Al presidente del Napoli Aurelio De Laurentiis l’ordinarietà non piace. L’annuncio di Rudi Garcia Mauro Meluso come allenatore e direttore sportivo di una squadra che in questa stagione giocherà col Tricolore sulla maglia ha stupito tutti. Da un lato c’erano una montagna di candidature autorevoli su cui la stampa insisteva con una certa veemenza, dall’altro nessuno avrebbe immaginato un underdog parziale in panchina e uno totale come uomo mercato. Del resto la società partenopea ha vinto lo Scudetto proprio nell’anno in cui ha cominciato a limare e ridurre il monte ingaggi e, al netto di una possibile permanenza a cifre elevate di Victor Osimhen, non intende sconfessare la matrice economicamente oculata proprio quando si è dimostrata efficace anche per il successo.

Rimpiazzare Luciano Spalletti con un profilo lontano da tempo dal grandissimo calcio era improbabile ma non totalmente imprevedibile: in fondo anche prendere un giovane in rampa di lancio non avrebbe garantito quel quid d’esperienza e per di più lo stesso tecnico di Certaldo per quanto universalmente acclamato per il proprio valore mai aveva trionfato in Italia in passato. La scelta del ds, tuttavia, è ben più spiazzante. Ci si aspettava un pezzo da 90 come Frederic Massara, è giunto un grandissimo professionista della provincia con due soli campionati di Serie A (una salvezza centrata e una mancata) alle spalle. Va però ricordato che quel Cristiano Giuntoli che oggi alla Juventus rappresenta una garanzia a Napoli è arrivato quando ai massimi livelli era un perfetto sconosciuto.

La decisione ha molti punti di contatto con quella presa nell’estate del 2015, anno in cui dal Carpi arrivò il dirigente e dall’Empoli approdò Maurizio Sarri. Anche in quel frangente la spending review appariva necessaria, anche in quel caso un ciclo era finito. Si trattava, tuttavia, di un epilogo poco glorioso: Rafa Benitez lasciava Napoli con due trofei conquistati e una base di calciatori solidissima che ha fatto la fortuna della successiva era, ma anche senza qualificazione in Champions e con una proposta calcistica in progressivo declino.
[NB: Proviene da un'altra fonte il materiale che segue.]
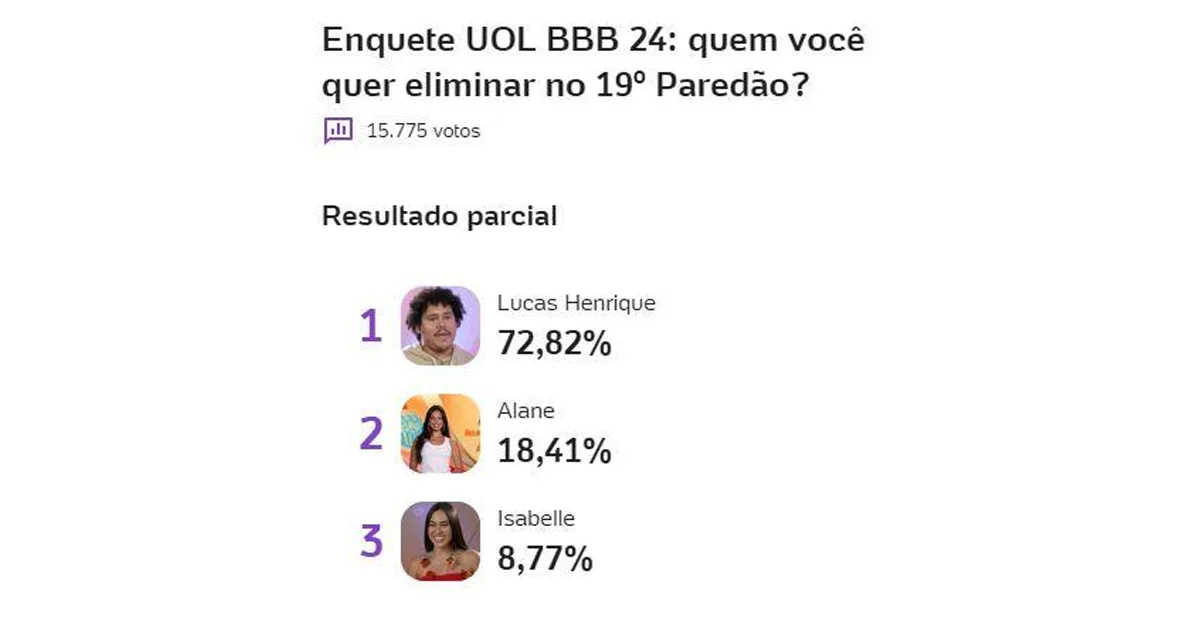 Paredão Explosivo Enquete UOL BBB 24 Revela Alta Rejeição entre Alane, Isabelle e Lucas Buda 1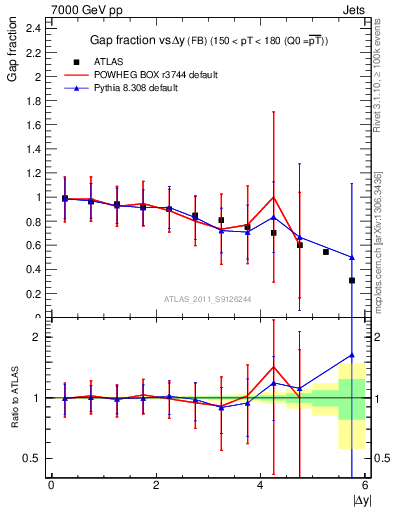 Plot of gapfr-vs-dy-fb in 7000 GeV pp collisions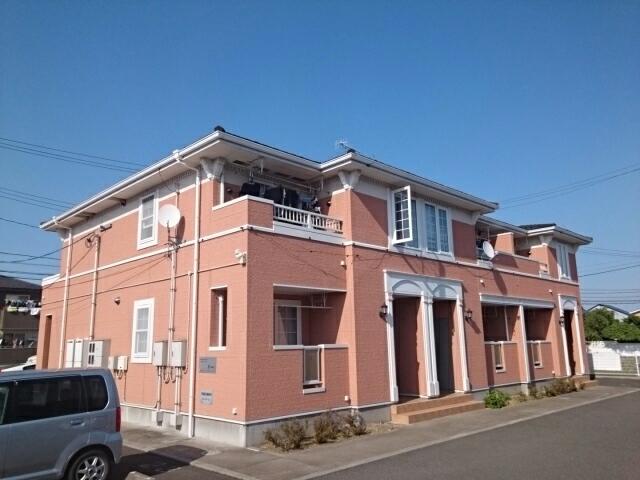 インノバーレⅠ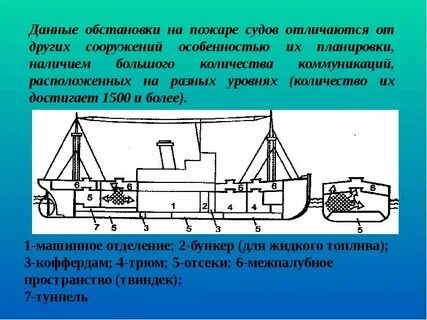 Тушение пожаров на морских и речных судах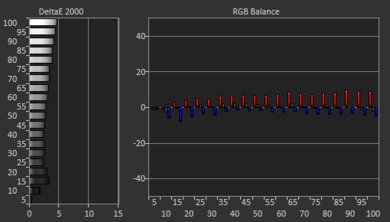 LG UM8070 Pre White Balance Picture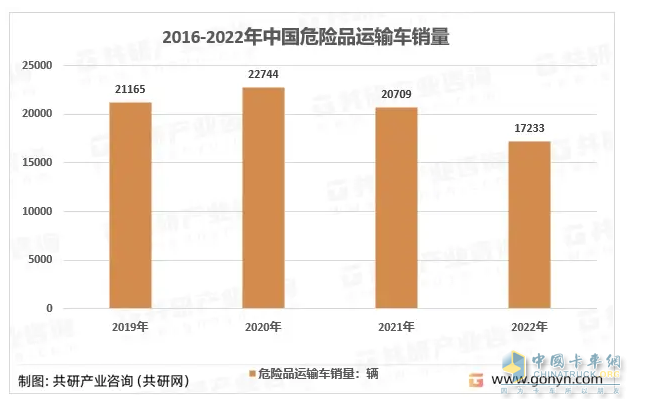 2023年1-10月?；愤\(yùn)輸車銷量特點(diǎn)簡析：5-6米車型最熱銷 柴油領(lǐng)跑，燃?xì)忸愵I(lǐng)漲?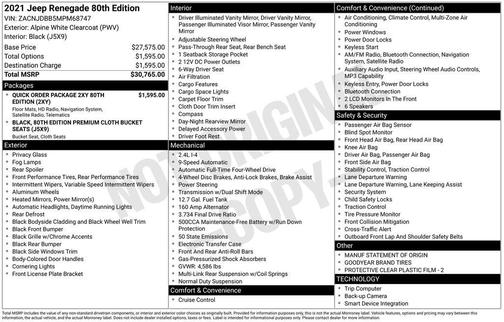 2021 Jeep Renegade Latitude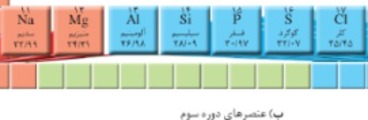 دریافت سوال 1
De Laurentiis, azzerando, convinse tutti: in primis i tantissimi calciatori di livello che vollero rimanere, da José Maria Callejon Gonzalo Higuain, e poi i tifosi a suon di risultati. Quella volta il Napoli stava cambiando strada, mentre nell’estate post-Scudetto vuole soltanto confermarla. Ciò che alla gente può apparire strano, per la proprietà è puro esempio di continuità metodologica aziendale. Nel calcio, però, cambiare non è mai intuitivo e scontato: ci sono i presupposti per far bene, ma pensare che due figure chiave estranee all’universo azzurro sostituiscano con facilità due figure di primo livello è un errore di valutazione. Il rischio esiste, il margine di successo anche. Sarà il campo a pronunciare il proprio verdetto.